Canal Alliance in San Rafael, is a nonprofit champion of immigrants who are challenged by a lack of resources and an unfamiliar environment. Sara Matson, Development Director for Canal Alliance is familiar with and very appreciative of Rigby’s work with immigrant and undocumented communities. Canal Alliance partnered with The California Film Institute to present one of his films, “Waking Dream,” last fall. She got to know him through the project and presentation. She details her impression of him as an artist and the work that he is creating. “It really comes across that he has such care and compassion for the topics that he covers and the subjects of his films. That is such an important framework to come at, and I think for the final product he creates, allows for people who view them, to see that these are complex social issues that every family is experiencing uniquely.

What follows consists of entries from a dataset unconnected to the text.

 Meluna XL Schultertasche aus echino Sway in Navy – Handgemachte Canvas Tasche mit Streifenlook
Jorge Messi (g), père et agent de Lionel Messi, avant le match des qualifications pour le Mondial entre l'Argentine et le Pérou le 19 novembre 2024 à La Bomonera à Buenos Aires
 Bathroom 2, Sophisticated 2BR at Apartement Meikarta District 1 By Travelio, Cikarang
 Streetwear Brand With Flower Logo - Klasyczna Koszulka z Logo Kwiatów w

It’s different than hearing a news reporter read data, but actually hearing how issues of immigration and policy change are impacting individuals in profound ways.” She also explains that the impact of films is two-fold, in that it’s not only important for non-immigrants or U.S. citizens to get educated about immigrants and situations, but it has special meaning to the communities depicted to see themselves reflected in art. “It’s a very powerful experience for other immigrants that are affected by these issues to see people like themselves and feel their stories are being shared to a wider audience in this way.”
For much of the fifteen years he’s been working in the industry, Rigby has been developing a specific documentary called “Sanctuary Rising.” The film is an intimate portrait of two undocumented mothers who go to dramatic lengths to fend off deportation and separation from their families in the United States. It follows the stories of the two women who chose to enter sanctuary at local churches, rather than report to ICE to be deported (inationmedia.com).

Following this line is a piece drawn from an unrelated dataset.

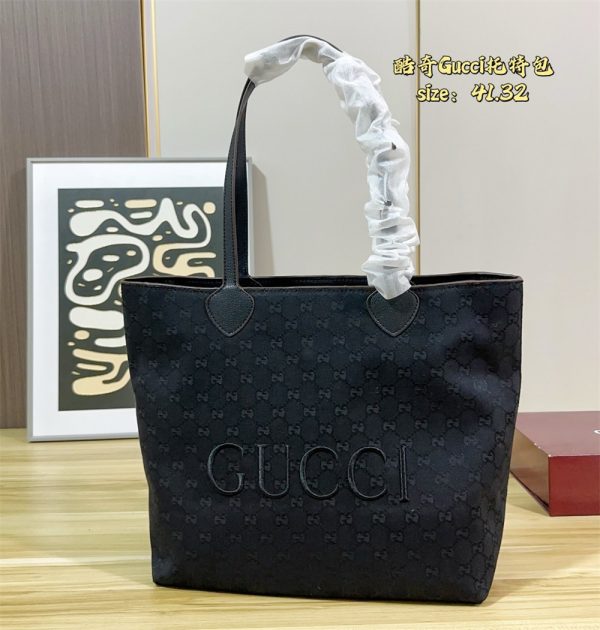 High quality Tote bag size:41*32cm GUI #31632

Although Rigby had hoped to connect with immigrants in the Bay Area that were seeking asylum, the timing didn’t quite work out. “I waited for someone to go into sanctuary in the Bay Area because it’s always easier and less expensive to work locally, if you can,” he explains. Instead, he eventually learned of a woman, Jeanette Vizguerra, that was going into sanctuary in Denver, and then subsequently another woman, also in Denver, Ingrid Latorre. Theo describes Jeanette’s initial situation. “Jeanette went in the first time for 86 days, then she got a stay of deportation for two years. The film follows her while she was out, but she was unable to get legal status within that time period, so she went back into sanctuary.” A stay of deportation is an order that refrains the Department of Homeland Security from removing an immigrant pending their visa application. Jeanette has been back in sanctuary for almost a year. Rigby has gained a lot of ground with the production of “Sanctuary Rising,” but four years and counting, the project is still not completed.
Rigby says, like for other indie filmmakers, he’s come up against challenges on many levels, most especially financial obstacles. “I got a small grant early on from the now defunct Hartley Film Foundation, and then I won the California Film Institute’s DocPitch award in 2016. Since then I’ve been self-funding the film, doing it on a shoestring budget, filming everything myself, with some help from interns.” According to the International Documentary Association website, budgets for independent projects can vary greatly. Some projects only raise $10-20k to cover basic hard costs, and others are only ever partially funded, and involve huge contributions of volunteer labor and services. A cluster of funded docs end up in the $350-450k range, although even this range often relies on either a small number of shooting days, a producer/director/writer/cinematographer/editor wearing many hats herself, or various unfunded phases of the process. There is another cluster in the $600-800k range (2019). The “Premium Beat” website attributes much of a documentary filmmaker’s costs to equipment rental and/or purchase, professional labor such as cameral operators, lighting and sound crews and post-production costs, such as video editing and sound mixing. For example of just two of very many expense, the best five cameras recommended to independent filmmakers to purchase range in cost from $1,300 to $6,000. According to wideawakefilms.com, A professional editor will usually cost $1,000 to $2,500 per day, depending on the experience of the editor, the quality of the work as well as the amount of editorial control that you feel you need over the project (Jan. 2019).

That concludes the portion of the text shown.